Noting that the series must explore potentially controversial issues to be viable, Laiman explained:

We've already run up against standards and practices. We have to be very careful, especially with an issue like abortion, which obviously is very volatile. I've had to draw a fine line between my beliefs and wanting to espouse them to every character on the show, and what other people believe. We have to be careful not to offend to such an extreme that we will lose viewers. This is an entertainment show. It's not a soapbox. We try to be so evenhanded that nobody, or everybody, gets offended. We do have a story where a girl goes to talk about abortion, and we try to present all the issues, but it's very difficult ... We have not written the issue of drugs, simply because we thought it was one of the most obvious," she said. "We will address that issue, and we are addressing teenage pregnancy, and we're talking about safe sex and abortion. Also cheating, which is a very prevalent problem in school ... As for the gay issue, I would never say never. We talked about it originally, but we are not doing it yet. I want to do things kids want to watch. Once you get them watching, then you can introduce issues they need to know about. Most teenagers are not ready to talk about a gay lifestyle. Those who are gay are not necessarily ready to deal with it, and those who aren't are so grossed out by it that they're not ready to listen to what the possibilities are.

Asked about Tribes, veteran soap writer Agnes Nixon — creator of the American daytime serials One Life to Live, All My Children and Loving — commented on the concept of a teen-focused soap opera:

I wouldn't attempt it because I feel there would be so many problems. Maybe somebody else knows something or has some ideas that I don't have, but I like a soap opera to reflect life as much as possible, which means all age groups and ethnic groups. I think the teenage story is a very important element, but I don't personally know how you'd do it [with only that]. I'd think it would be very limiting in terms of storytelling ... We've just done the 20th year of All My Children. If you're doing only teenage stories, you can't follow them growing up. We've still got five of the original cast members playing the same characters. Erica has grown from a high school girl to a mature woman. She was the teenage story back 20 years ago ... It would never be my project. I would find the very concept of it hampering, but I wish them luck.

==Broadcast==
Debuting on its own stations, Fox hoped Tribes would be picked up for national syndication like its reality legal series Cops and America's Most Wanted. The soap opera was scheduled to premiere in January 1990, but a week before its debut it was pushed back to March by Fox executives who "feared that it would get lost in the competitive February ratings sweeps". Laiman, understanding of the decision and calling Fox "very conservative when it comes to advertising dollars", nonetheless noted that the delay put the series at a disadvantage. According to Laiman, most of the initial 65 episodes would be completed before the series premiere, which would not allow for the changes that might be made during production based on audience reaction to the series. She noted, "When it's on the air, you can see things and change them ... It's a problem we have to live with."

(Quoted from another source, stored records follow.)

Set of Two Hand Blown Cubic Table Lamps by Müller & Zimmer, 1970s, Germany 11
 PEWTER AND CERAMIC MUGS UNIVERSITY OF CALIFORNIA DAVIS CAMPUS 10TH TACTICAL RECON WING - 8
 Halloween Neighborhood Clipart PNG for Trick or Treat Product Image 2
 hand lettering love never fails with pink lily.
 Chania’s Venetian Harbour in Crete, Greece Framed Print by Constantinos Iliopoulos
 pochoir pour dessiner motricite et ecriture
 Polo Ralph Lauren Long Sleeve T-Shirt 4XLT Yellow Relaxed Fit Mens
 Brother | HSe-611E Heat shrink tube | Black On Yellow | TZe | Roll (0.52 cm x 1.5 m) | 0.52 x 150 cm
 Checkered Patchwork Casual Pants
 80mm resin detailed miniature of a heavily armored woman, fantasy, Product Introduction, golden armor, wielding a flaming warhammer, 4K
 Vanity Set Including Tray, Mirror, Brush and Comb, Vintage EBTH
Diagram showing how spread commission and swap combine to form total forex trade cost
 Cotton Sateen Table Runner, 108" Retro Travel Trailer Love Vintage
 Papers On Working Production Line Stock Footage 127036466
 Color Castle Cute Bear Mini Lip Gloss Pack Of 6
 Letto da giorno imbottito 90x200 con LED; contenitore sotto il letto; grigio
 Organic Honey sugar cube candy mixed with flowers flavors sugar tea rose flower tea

Tribes premiered on March 5, 1990 in the 6:30 p.m. time slot on the Fox-owned stations in Los Angeles (KTTV), New York (WNYW), Chicago (WFLD), Washington (WTTG), Dallas–Fort Worth (KDAF), Houston (KRIV) and Boston (WFXT). The Los Angeles Times called it the first American youth-oriented serial drama. Originally contracted for a 13-week run, Tribes ultimately aired for 19 weeks. The series' cancellation was announced in June, and its final airdate was July 13, 1990.